Apr 25, 2005

My love's on fire.

Living less than thirty miles away from an active shield volcano has its advantages. The thousands of metric tons of sulfur dioxide it belches into the atmosphere everyday does not happen to be one of them, but the aesthetic splendor it provides is certainly a perk. Vast calderas, craters within calderas, lava tubes, and otherworldly landscapes demand amazement on behalf of the observer, as well as a deep-embedded urge to explore. In such a realm, one can observe from just a few meters away new land being formed; the ocean and older rock actively being built upon by the unstoppable force of nature itself. Pele, the Hawaiian Goddess of the volcano, performs her craft slowly but relentlessly, sparing little in her path as she inundates the landscape with her fiery wrath en route to the sea. There is no telling exactly which path she might choose, but she is guaranteed to confidently obliterate every standing or sitting obstacle impeding her progress to the final destination.

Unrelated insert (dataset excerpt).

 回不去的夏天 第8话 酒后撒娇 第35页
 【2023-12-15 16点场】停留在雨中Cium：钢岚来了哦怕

This past Saturday evening, illuminated by a silvery sphere beaming in all her glory, found me coming face to torrid face with Pele. As I drove down Chain of Craters Road in Volcanoes National Park at twilight, I witnessed from a high cliff the moon rising above the sea. I wanted to set out an epic adventure and shed my human disguise as quickly as I could. I followed the road down to sea level and parked just before the small shelter where the rest of the highway was blocked off. Several humanae were crowded about the pavilions assembled on the old road, and I simply took off past them, carrying my gear upon my back. The highway had been converted into a foot path, as half a mile farther, it abruptly ended where an old lava flow completely blanketed it. I remember visiting the exact spot back in 1992, when I was a silly little 10 year-old who could not help but inquire, "how did they get the road under all that lava?"

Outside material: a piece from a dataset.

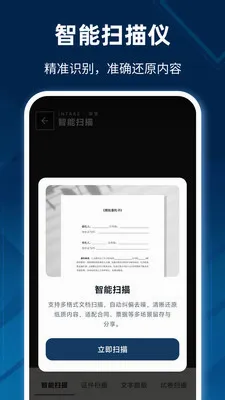 高清手机扫描王2026最新版本 高清手机扫描王2026最新版本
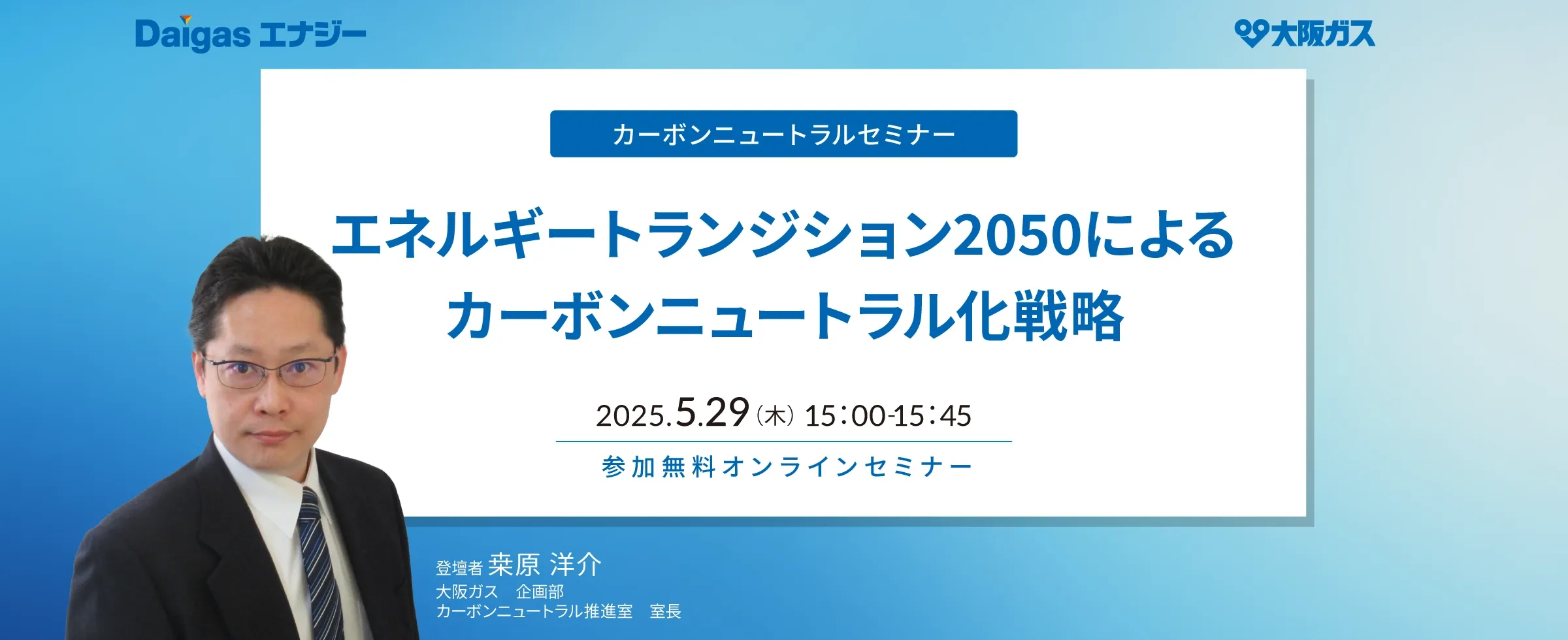 GlM[gWV2050ɂJ[{j[g헪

The end of the road necessitated rambling over a vast, uneven field of lava rock. The "trail" consisted of a series of yellow reflectors set into the ground, and those only went as far as 1/3 of a mile to the "viewpoint." This was considered the end of the 'intermediate' section of the trail, where the difficult part for the hearty few was only just beginning. Even from this point, the view of the vibrant red-orange lava activity on the steep rift zone was impressive, but I desired to witness much more than that. It would be three miles farther to actually get close enough to the active lava to actually touch it (owwie), and I knew three miles over hard, jagged, uneven mounds of lava rock in the dark would seem much longer than three miles. I was easily accepting of the challenge, though, and preferred it to simply being able to drive all the way out there and sitting with a bunch of grannies who could get a good show from behind the windshields. Not my style.

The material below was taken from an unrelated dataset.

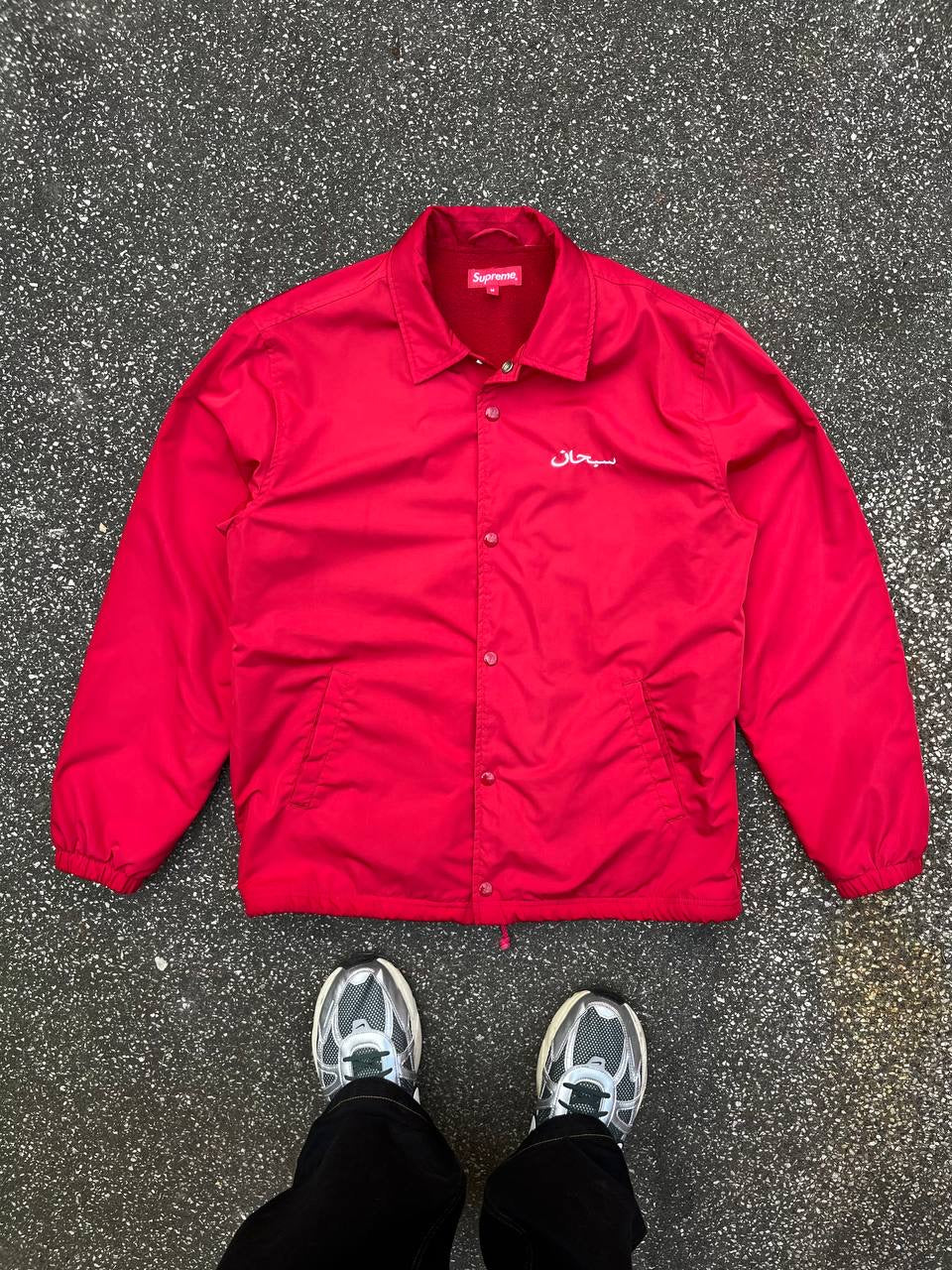 Supreme Arabic Logo Medium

The general route to the active lava flow was marked by six yellow flashing light bubbles, each spaced about half a mile apart. Such devices weren't essential for locating the flow, since one could easily see the orange patches through the dark void from several miles away, and all one had to do is maintain a consistent parallel course with the ocean. They were still useful for marking the optimal walking areas, though. On my way out there, I passed by a slew of humans heading back, all in groups of course, and most of them armed with their silly flashlights. The brilliant moonlight shimmering against the shiny black rocky surface provided more than enough light to guide my way, and I found such artificial light beams swinging around to be a nuisance at best. Even so, I managed to effectively ignore everyone as I trudged on, lost in my own little world as I felt the cool, strong ocean breeze caressing my face and my body. Unsurprisingly, Total Euphoria was playing on my iPod as I continued this amazing journey, ever choosing my path over the ground cover completely devoid of life, surrealistically sprawling for miles in every direction but that of the sea, which pounded against the young shoreline relentlessly. As usual, the moon was bringing something out in me, but it would not hurt me this time.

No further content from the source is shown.